In the spirit of Empire Falls and A League of Their Own, with the caustic wit of Where’d You Go, Bernadette thrown in for good measure, Richard Fifield’s hilarious and heartwarming debut will have you laughing through tears.
About the Author
Richard Fifield earned his MFA from Sarah Lawrence College in upstate New York. For the past twenty years he has worked as a social worker for adults with intellectual disabilities, while volunteering as a creative writing teacher in Missoula, Montana.

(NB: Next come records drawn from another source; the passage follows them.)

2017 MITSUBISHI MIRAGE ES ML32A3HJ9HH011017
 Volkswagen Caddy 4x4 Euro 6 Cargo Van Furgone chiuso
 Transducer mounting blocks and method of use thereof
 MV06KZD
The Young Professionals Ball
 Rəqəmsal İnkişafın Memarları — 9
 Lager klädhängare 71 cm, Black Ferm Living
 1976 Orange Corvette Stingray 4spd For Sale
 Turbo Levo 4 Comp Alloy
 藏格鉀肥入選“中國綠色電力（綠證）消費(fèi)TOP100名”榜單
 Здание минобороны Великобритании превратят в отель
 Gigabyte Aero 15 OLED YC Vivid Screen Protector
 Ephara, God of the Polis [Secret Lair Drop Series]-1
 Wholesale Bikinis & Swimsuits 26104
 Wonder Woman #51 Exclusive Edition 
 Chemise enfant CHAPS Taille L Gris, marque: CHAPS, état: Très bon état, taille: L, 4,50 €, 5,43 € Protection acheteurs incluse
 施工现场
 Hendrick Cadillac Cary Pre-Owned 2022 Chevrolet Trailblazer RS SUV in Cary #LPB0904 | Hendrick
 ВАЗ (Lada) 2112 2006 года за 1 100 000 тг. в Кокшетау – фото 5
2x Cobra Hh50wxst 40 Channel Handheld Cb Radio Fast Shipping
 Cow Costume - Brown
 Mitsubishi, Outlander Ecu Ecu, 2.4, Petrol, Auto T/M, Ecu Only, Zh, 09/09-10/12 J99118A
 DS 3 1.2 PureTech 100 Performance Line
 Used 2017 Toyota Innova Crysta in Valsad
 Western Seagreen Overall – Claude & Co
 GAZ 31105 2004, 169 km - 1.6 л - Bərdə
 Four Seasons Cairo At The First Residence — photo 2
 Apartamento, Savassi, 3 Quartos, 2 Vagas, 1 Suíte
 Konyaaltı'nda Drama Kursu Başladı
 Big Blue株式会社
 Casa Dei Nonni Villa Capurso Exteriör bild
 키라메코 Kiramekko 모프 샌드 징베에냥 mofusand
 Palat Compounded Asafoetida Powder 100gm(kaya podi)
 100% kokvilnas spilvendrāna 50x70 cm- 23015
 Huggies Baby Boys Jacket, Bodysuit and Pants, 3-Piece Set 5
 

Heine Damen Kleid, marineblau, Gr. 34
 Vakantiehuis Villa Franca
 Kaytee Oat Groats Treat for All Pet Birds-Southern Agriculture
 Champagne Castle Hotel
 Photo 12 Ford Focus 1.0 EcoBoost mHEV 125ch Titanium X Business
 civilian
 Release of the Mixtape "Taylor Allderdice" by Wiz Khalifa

"From the first page of The Flood Girls, I knew Richard Fifield was an extraordinary force of nature and his debut novel a masterful tour-de-force. This novel is like Richard Russo + E. Annie Proulx + Truman Capote, if Capote were alive today and narrating a reality show about small-town Montana on Bravo. You will be awed." — Jenna Blum, New York Times bestselling author of Those Who Save Us
"[The Flood Girls] includes barfights and AA meetings, a parade, a wedding, and a black bear, all of which Fifield juggles beautifully...The Wild West earns its name all over again in this lovable chronicle of small-town insanity.”
"THE FLOOD GIRLS is a wild and crazy debut novel by a talented young writer. Edgy and original, it's worth the trip." — Jackie Collins, New York Times bestselling author
"Reading this novel is like unwrapping the wackiest birthday gift you’ve ever received: The Flood Girls is a heart-shaped box filled with broads, softballs, drunks, Jackie Collins’ paperbacks, music, guns, and, most vibrantly of all, humanity. I started this book laughing out loud; I finished it grieving and grateful. Richard Fifield is the handsomest writer in North America, and perhaps its most compassionate." — Sharma Shields, author of The Sasquatch Hunter’s Almanac: A Novel
"Richard Fifield is sui generis, and so is his wonderful novel. It sets your hair on fire, and makes you laugh at the pretty flames." — Deirdre McNamer, author of Red Rover and Rima in the Weeds
"Fifield's darkly humorous and deeply tender debut is an unforgettable carnival of glamorous outcasts, unforgivable women, violent bar brawls, and scrappy softball teams. In his small-town America, where every trailer, church, and bar holds equal capacity for heartbreak, revelation and forgiveness, he's unveiled an original vision of the West written in infield dirt, nail polish, and the blood of people we can't live without." — J. Ryan Stradal, author of Kitchens of the Great Midwest
"Fifield’s debut is an exaggerated, no-holds barred portrait of a small town that doesn’t easily forget or forgive, and it turns alternately laugh-out-loud funny and…all-too-true."
“In Fifield’s excellent fiction debut, alcoholic Rachel Flood returns to her hometown...This hilarious and profane story takes a tragic turn at the end, revealing just how fragile love and friendship can be.”
“Caustic wit, absurd plot turns and an ensemble cast of riotous characters infuse this outlandish yet moving novel about the hard-bitten bonds of community.”